A secondary, related problem: when a fan-in stage like BatchWeighted or GroupedWithin merges N independent input elements into a single output, any trace continuity information from the other N-1 contributing elements is lost. The downstream span ends up attached to whichever input happened to trigger the flush, and every other contributing request becomes an orphaned root.

Approach

Same shape as #7995 (LogEvent.ActivityContext capture for log-trace correlation across mailbox boundaries):

1. Capture on the producer side, before the boundary hop, while Activity.Current is still alive.
2. Carry in a framework-owned field on the in-flight element / queued event.
3. Restore on the consumer side before invoking the user's stage handler.

For fan-in, the canonical OpenTelemetry answer is span links: pick one primary parent (first-wins) and attach the remaining N-1 inputs as ActivityLinks on the flushed stage span, so trace viewers can jump between contributing traces.

Commits

1. Akka.Streams: per-element ActivityContext carry through GraphInterpreter

• New framework-owned ActivitySource("Akka.Streams"). Users register via .AddSource("Akka.Streams") on their OTel TracerProvider (same pattern as Microsoft.EntityFrameworkCore).
• Connection.SlotContext parallels Connection.Slot and carries the ActivityContext of the element in flight on that connection.
• GraphStageLogic.Push captures Activity.Current?.Context into SlotContext after writing the slot; Grab clears it alongside.
• GraphInterpreter.ProcessPush starts an akka.stream.stage {StageName} Activity with the slot context as parent before invoking OnPush. Disposes in finally. Mirrors the existing previousInterpreter try/finally restore pattern.

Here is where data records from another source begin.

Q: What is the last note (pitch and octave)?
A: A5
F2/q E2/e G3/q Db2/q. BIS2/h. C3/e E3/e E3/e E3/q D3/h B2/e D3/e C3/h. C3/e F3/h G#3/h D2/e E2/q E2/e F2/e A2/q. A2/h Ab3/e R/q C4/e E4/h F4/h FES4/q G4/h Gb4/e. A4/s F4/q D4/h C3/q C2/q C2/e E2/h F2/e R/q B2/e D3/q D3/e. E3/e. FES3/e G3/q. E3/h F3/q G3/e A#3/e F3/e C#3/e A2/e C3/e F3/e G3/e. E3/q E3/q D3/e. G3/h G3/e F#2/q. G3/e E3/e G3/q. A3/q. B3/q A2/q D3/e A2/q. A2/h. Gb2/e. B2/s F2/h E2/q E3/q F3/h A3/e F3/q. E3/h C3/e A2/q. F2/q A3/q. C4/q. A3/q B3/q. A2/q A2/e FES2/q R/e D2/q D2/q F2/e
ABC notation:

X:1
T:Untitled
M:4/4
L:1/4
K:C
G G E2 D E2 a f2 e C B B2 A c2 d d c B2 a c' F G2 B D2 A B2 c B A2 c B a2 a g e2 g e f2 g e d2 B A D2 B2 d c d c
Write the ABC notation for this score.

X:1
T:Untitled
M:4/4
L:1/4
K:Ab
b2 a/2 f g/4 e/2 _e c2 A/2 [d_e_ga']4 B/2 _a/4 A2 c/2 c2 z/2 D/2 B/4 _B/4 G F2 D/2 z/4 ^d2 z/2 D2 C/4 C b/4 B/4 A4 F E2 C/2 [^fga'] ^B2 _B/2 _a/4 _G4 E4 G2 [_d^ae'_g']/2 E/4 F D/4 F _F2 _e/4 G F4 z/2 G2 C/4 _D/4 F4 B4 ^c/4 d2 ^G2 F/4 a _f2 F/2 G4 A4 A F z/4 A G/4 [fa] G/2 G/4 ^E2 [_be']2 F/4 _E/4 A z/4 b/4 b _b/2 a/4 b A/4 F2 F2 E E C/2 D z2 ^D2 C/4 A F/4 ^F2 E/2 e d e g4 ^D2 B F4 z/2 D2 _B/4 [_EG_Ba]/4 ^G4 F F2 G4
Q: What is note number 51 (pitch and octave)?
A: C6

2. Akka.Streams: generalize trace ingress capture via shared callback primitive

• GraphStageLogicWithCallbackWrapper.NotInitialized.Args carries the producer's ActivityContext alongside each queued arg, captured at InvokeCallbacks time. InitCallback drains queued args inside a restore scope so the callback runs with the right ambient Activity.Current even if it was queued before PreStart.
• ConcurrentAsyncCallback<T>.InvokeWithPromise captures Activity.Current?.Context and wraps the handler with an akka.stream.ingress {StageName} Activity on the interpreter thread.

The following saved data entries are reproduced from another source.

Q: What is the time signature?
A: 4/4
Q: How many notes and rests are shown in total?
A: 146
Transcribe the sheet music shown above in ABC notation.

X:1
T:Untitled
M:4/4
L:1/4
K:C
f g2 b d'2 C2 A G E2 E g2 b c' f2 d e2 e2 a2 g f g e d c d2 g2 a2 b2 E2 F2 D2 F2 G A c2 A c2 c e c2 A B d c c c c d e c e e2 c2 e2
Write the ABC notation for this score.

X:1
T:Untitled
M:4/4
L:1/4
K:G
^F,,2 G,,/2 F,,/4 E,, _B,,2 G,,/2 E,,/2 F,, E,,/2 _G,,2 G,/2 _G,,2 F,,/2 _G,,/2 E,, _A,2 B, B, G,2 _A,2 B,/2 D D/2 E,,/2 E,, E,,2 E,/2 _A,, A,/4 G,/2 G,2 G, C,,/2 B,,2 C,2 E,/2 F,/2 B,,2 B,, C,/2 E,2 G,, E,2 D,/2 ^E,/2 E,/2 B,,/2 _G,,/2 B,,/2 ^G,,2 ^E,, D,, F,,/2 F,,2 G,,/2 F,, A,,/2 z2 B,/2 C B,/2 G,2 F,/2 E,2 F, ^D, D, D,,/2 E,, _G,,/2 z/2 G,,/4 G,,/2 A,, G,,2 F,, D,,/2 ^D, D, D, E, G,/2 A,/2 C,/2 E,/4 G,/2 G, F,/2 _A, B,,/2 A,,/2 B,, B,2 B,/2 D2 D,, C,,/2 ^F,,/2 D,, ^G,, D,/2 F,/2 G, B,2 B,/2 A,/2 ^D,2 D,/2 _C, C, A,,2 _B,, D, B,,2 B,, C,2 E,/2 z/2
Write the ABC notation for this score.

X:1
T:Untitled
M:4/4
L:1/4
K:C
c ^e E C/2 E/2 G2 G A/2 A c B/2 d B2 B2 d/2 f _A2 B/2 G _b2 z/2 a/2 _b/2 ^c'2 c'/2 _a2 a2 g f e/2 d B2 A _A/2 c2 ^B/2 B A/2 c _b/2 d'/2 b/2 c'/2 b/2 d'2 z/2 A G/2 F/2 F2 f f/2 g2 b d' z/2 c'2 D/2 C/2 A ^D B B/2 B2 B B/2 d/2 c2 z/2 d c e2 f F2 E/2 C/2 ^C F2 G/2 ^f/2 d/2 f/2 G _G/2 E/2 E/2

ConcurrentAsyncCallback is the shared primitive used by Source.Queue, custom StageActor-based sources, and any source going through GraphStageLogicWithCallbackWrapper, so one fix lights up all of them without per-stage code.

3. Akka.Streams: fan-in stage span linking with ActivityLinks

• Connection.SlotLinks (ActivityContext[]) carries additional parent contexts alongside the primary SlotContext, plus PendingPushPrimaryContext / PendingPushLinks as a per-push override mechanism.
• GraphStageLogic exposes two internal APIs for fan-in stages:
  • CurrentInletTraceContext(inlet) — read the upstream element's trace context before Grab clears it
  • SetFanInTraceContext(outlet, primary, links) — stage the next Push as a fan-in flush with a specific primary parent + link set
• GraphStageLogic.Push consumes the pending override when present, falling back to Activity.Current capture otherwise (preserves existing behavior for non-fan-in stages).
• GraphInterpreter.ProcessPush starts the downstream stage Activity with both the primary context as parent and the accumulated SlotLinks as ActivityLinks, tagging the span with stream.fan_in.links for visibility.
• Batch.Logic (covers both Batch and BatchWeighted) accumulates each inbound element's trace context in OnPush and emits the aggregate on Flush. Pending-element state carries its own context across the flush/reseed boundary so that the element triggering a boundary flush also contributes to the next aggregate's links correctly.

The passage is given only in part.